White Sox minor league infielder Carlos Sanchez has been promoted to AAA Charlotte after 30 games in AA Birmingham, where he had been promoted to this same season after 92 games at High-A Winston-Salem. This is shocking and not shocking.
It's shocking because Sanchez only turned 20 in June, and was already one of the youngest players in the Southern League. He's thrived in Birmingham - .370/.424/.462 without a marked increase in his strikeout rate--but it was already a huge leap for a player his age, and it's being declared a success after a little over a month.
It's not shocking because this is White Sox business. Any prospect with a pulse is pushed until they hit their head hard enough to crack. Jared Mitchell, Tyler Saladino, and to slightly lesser degrees Trayce Thompson and Courtney Hawkins have received similar treatment. Sanchez has maintained his contact rate, and will be a BABIP-dependent player throughout his career, so his success being based on an outrageous 45% of his balls in play falling for hits doesn't inspire quite as much cynicism as it would for the average prospect.

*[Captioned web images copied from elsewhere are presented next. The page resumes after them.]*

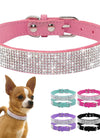 Dog Collar Crystal Glitter Rhinestone Pet Collars Zinc Alloy Buckle Collar For Small Medium Dogs Cats Chihuahua Pug Dog Collar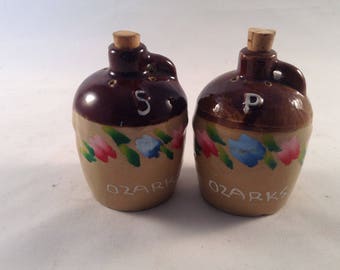 Vintage stoneware salt and pepper set from Ozarks
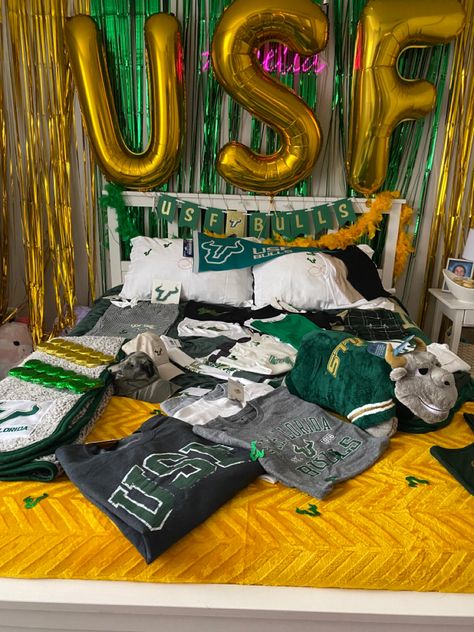 College Commitment Party, Decision Aesthetic, Usf Graduation Party, Usf Aesthetic, Fsu Bed Decorating, Decision Pictures, Bed Decorating College Acceptance, Bed Party College Lsu, College Acceptance Bed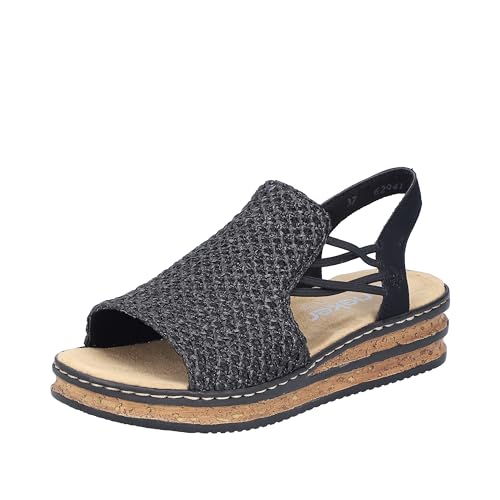 Rieker Damen Sandalen 62941-00 schwarz Gr. 39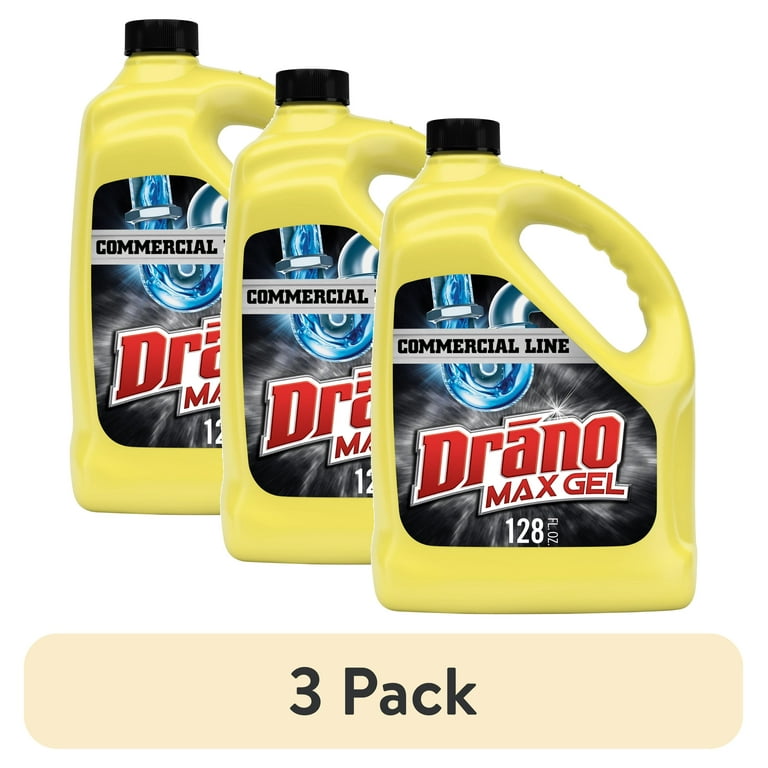 pack) Drano Max Gel Drain Clog Remover, Commercial Line, 128 oz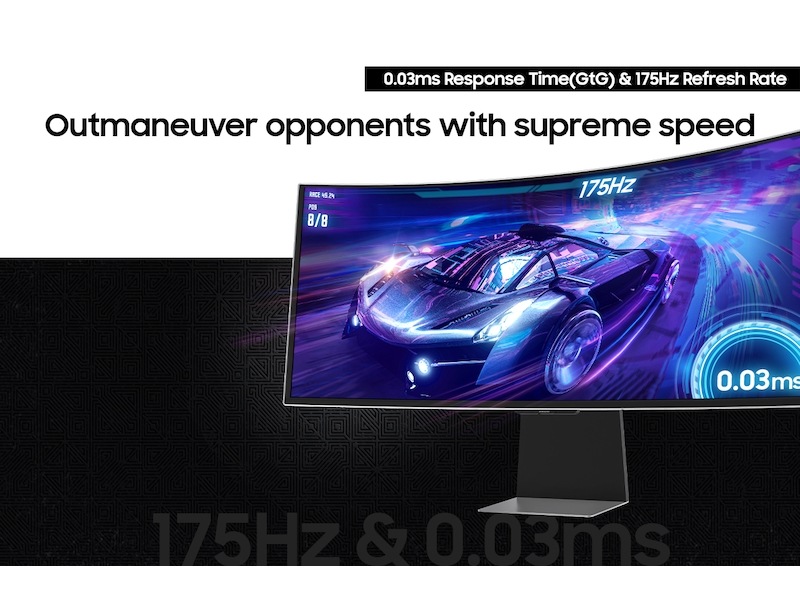 34" Odyssey OLED G8 (G85SD) Ultra-WQHD 175Hz 0.03ms Curved Gaming Monitor Silver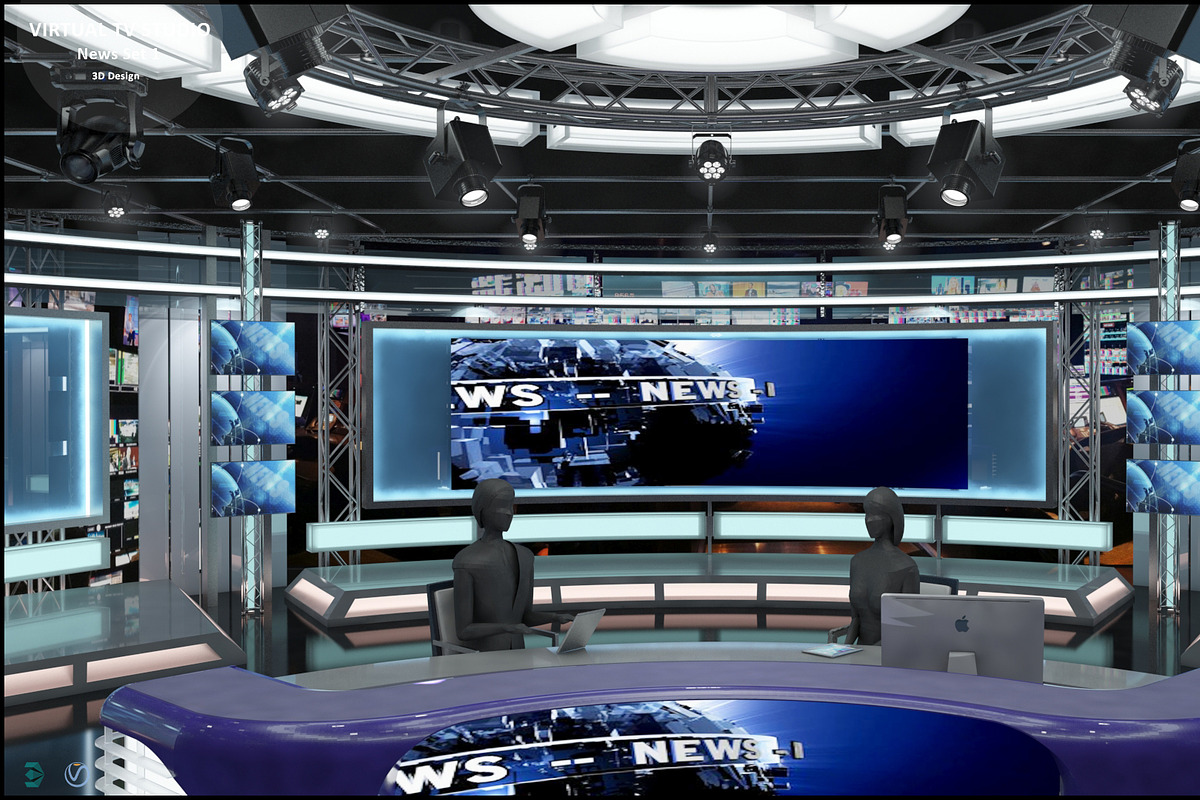 Virtual TV Studio News Set 1, an Architecture 3D Model by akerStudio (Photo 8 of 57)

The young man was handed a tall task, and didn't scare, so now he's being handed another one. It seems like a risk to his development, but it may serve as an aid. The Charlotte Knights are headed to the playoffs, the Birmingham Barons are not, and will be playing some games in September that Sanchez can participate in. He'll inevitably be shipped off to the Arizona Fall League too, as the White Sox do every thing to push his timeline.

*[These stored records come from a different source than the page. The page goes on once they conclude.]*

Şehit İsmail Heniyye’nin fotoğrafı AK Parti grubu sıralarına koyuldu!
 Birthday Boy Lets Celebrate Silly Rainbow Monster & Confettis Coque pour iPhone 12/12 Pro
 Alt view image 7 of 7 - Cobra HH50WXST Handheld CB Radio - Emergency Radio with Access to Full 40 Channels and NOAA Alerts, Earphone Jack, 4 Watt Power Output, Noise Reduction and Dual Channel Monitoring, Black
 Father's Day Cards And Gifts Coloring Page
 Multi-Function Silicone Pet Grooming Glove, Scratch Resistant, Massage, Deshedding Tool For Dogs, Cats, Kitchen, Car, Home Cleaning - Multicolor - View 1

Because the Sox second-basemen is a terrible hitter, and their third-base options if they don't bring back Kevin Youkilis are all terrible hitters. Carlos Sanchez is one of the few infield prospects on the horizon, and is being dragged to Chicago as fast as his bat will allow. Gordon Beckham might be getting put on notice with this move, but should probably already be on notice since his third full-season as a starter is a fine candidate for his worst.

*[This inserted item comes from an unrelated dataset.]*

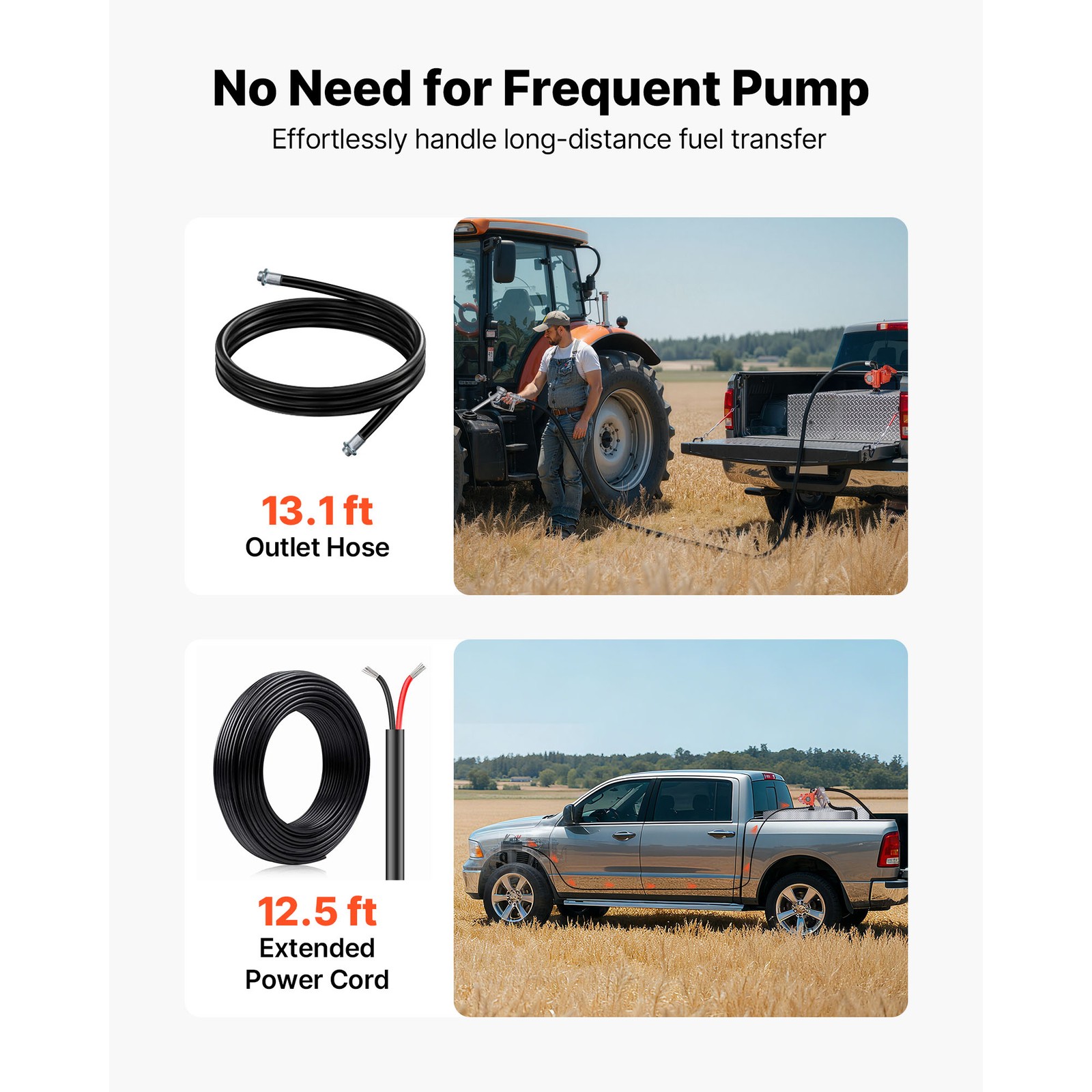 Uimoso 12V DC Fuel Transfer Pump, 15 GPM Diesel and Gasoline Pump with Nozzle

Earlier this week, Jason Parks was chronicling the implosion of Beckham as a player, and while he refused to pin it singly on one cause, he noted "Beckham’s first exposure to professional failure came at the major league level, and with hot lights of pressure on his back, his inexperience with the impediment was evident and costly." The same concerns about Beckham now roll over to Sanchez, who--like Beckham--is being hurried to an area of major league need.
There's more minor league time--but no college--significantly less bonus money, and less potential at risk here, but the parallels are there to be drawn. This has been a season of validation for the White Sox Way, which is good, because it obviously hasn't changed.